Exercise goal
Here is the task for the listing below: output exactly the lines from the one containing "第107话 入城 第89页" through the one containing "ФИНАЛЬНЫЕ ИГРЫ КУБКА", and leave out the pictures.

Provided information
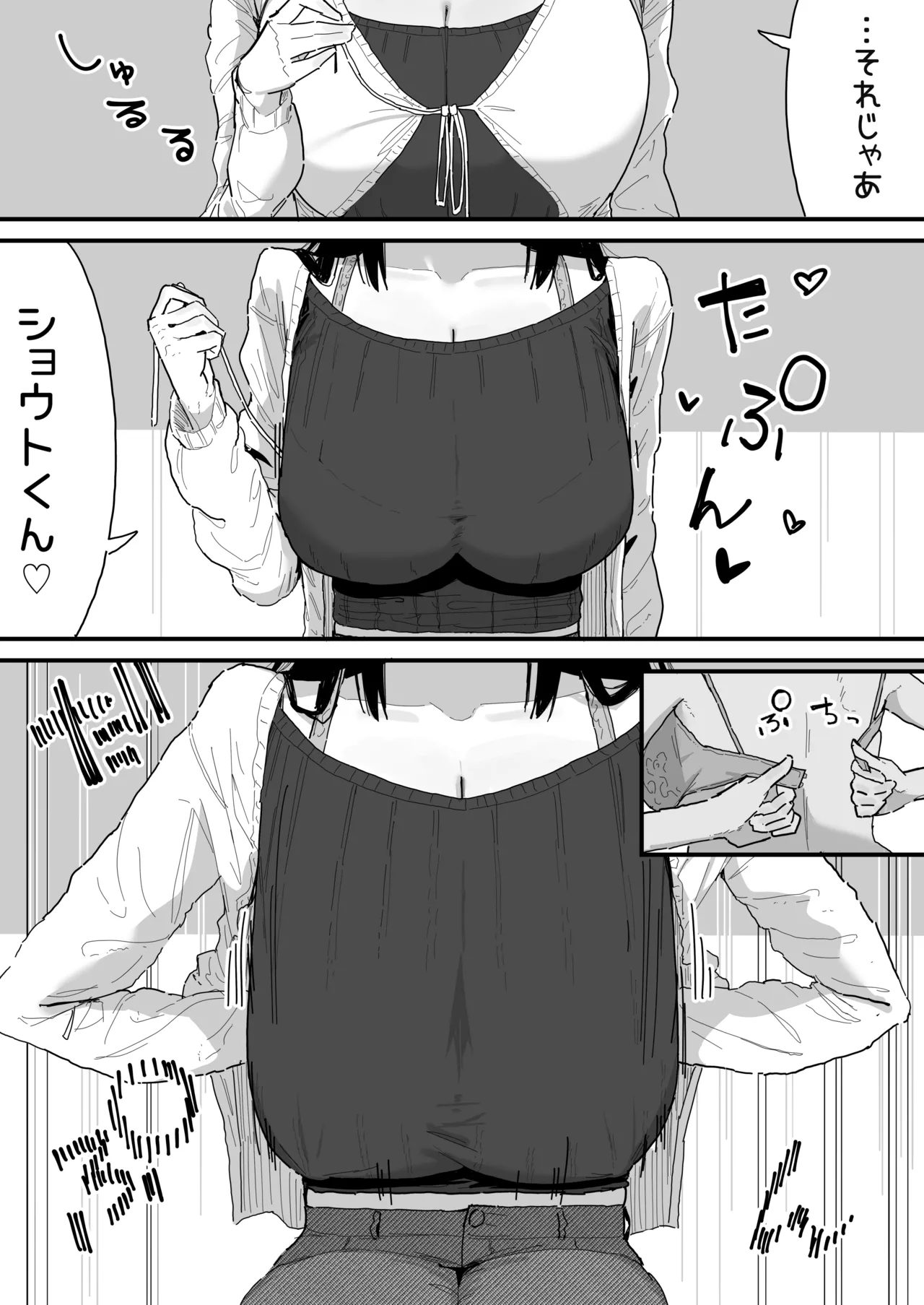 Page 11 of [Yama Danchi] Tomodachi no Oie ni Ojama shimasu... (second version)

* * *

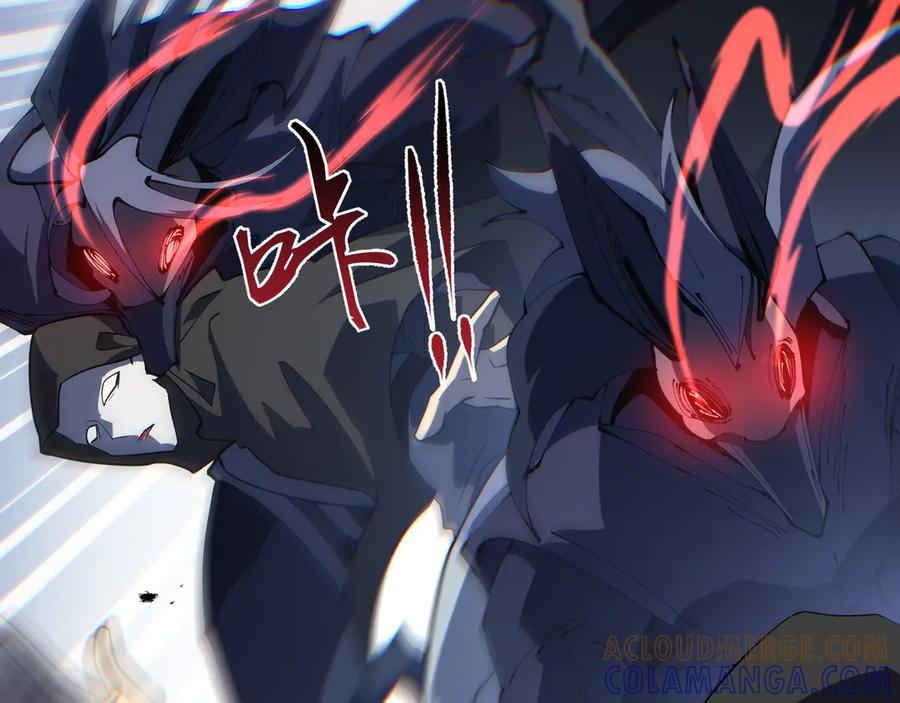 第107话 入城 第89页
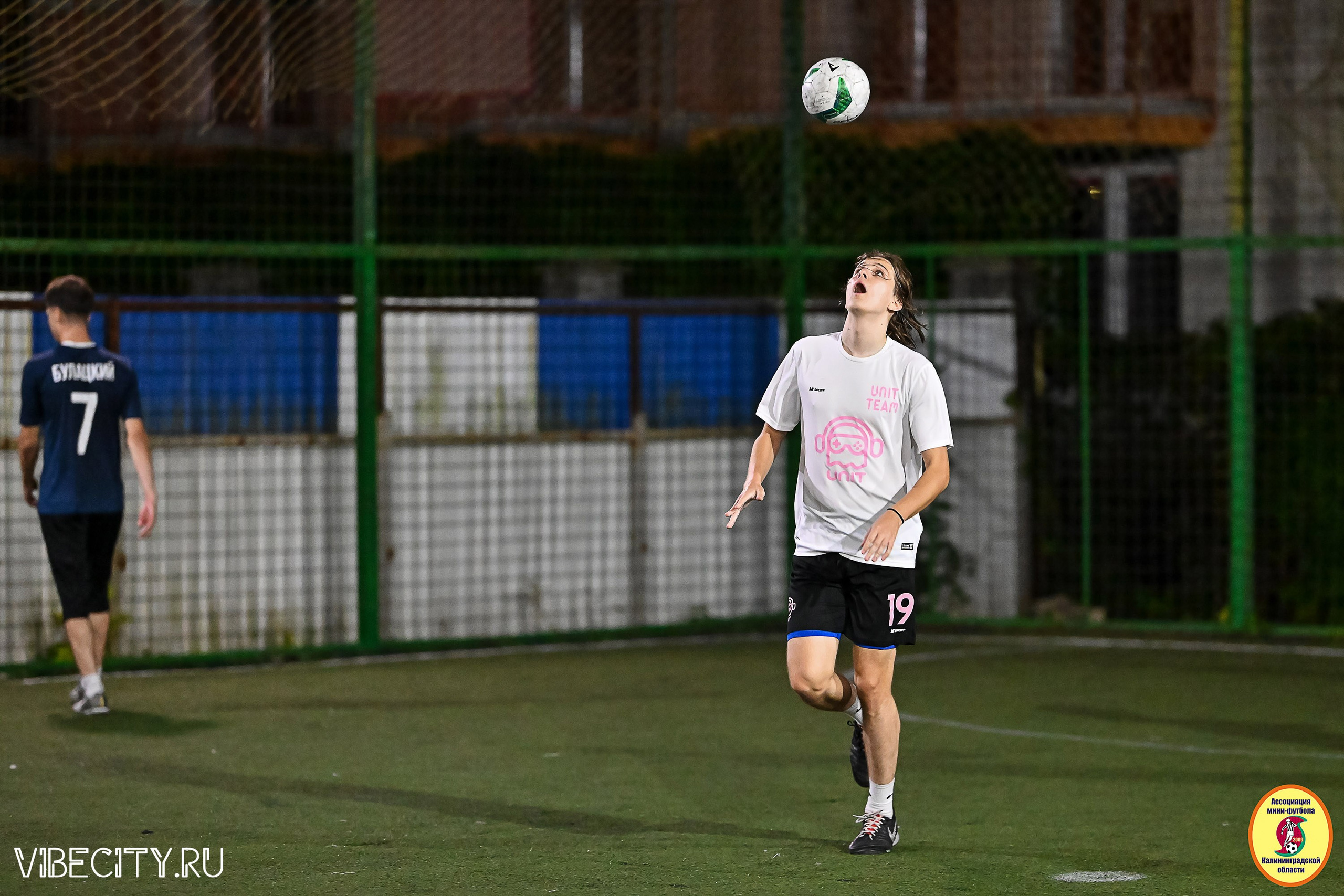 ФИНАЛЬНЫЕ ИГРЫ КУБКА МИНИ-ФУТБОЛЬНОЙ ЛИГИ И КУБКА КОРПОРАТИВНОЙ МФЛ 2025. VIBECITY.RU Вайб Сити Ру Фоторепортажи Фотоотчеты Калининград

...

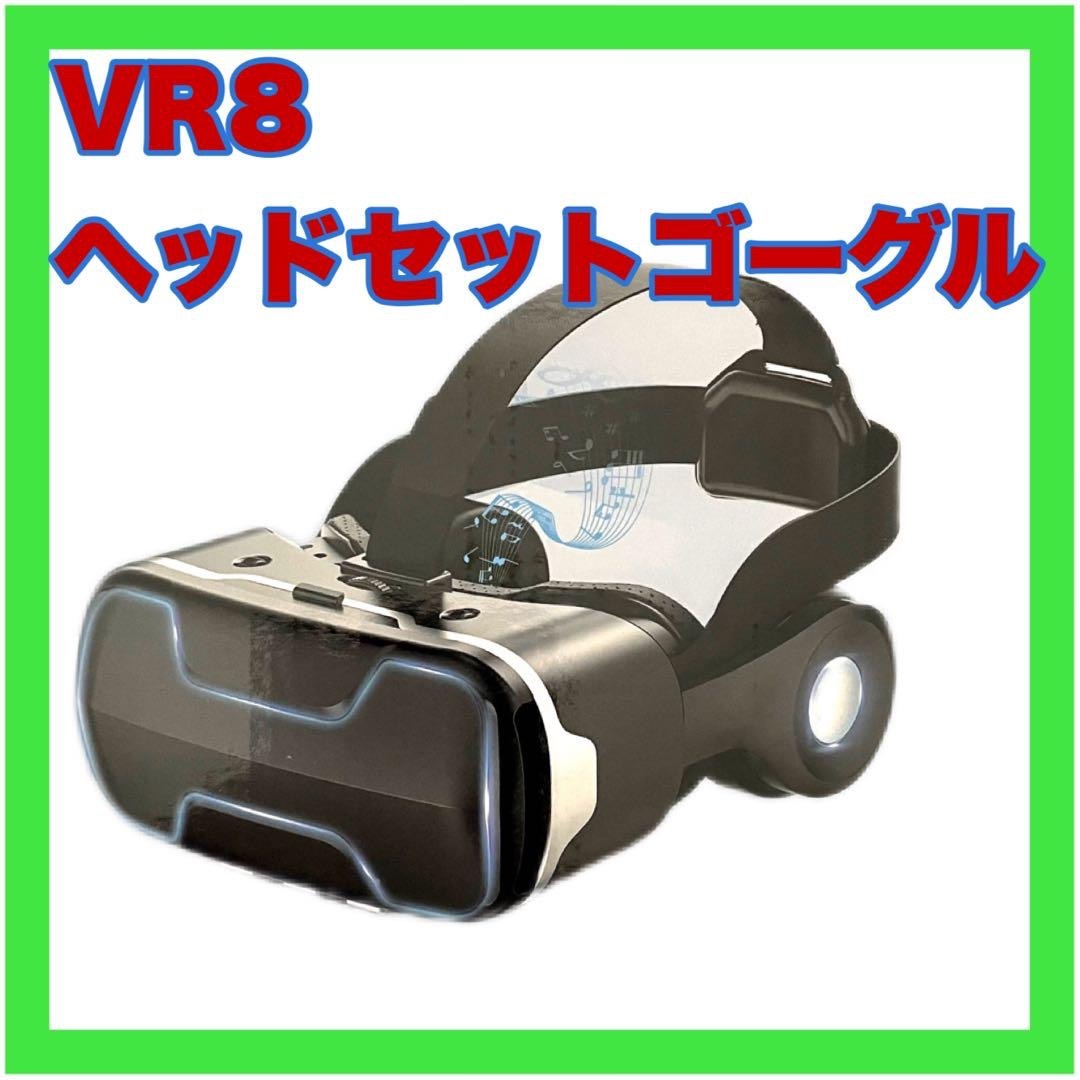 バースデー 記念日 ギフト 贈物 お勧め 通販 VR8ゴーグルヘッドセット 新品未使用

Completed exercise
 第107话 入城 第89页
 ФИНАЛЬНЫЕ ИГРЫ КУБКА МИНИ-ФУТБОЛЬНОЙ ЛИГИ И КУБКА КОРПОРАТИВНОЙ МФЛ 2025. VIBECITY.RU Вайб Сити Ру Фоторепортажи Фотоотчеты Калининград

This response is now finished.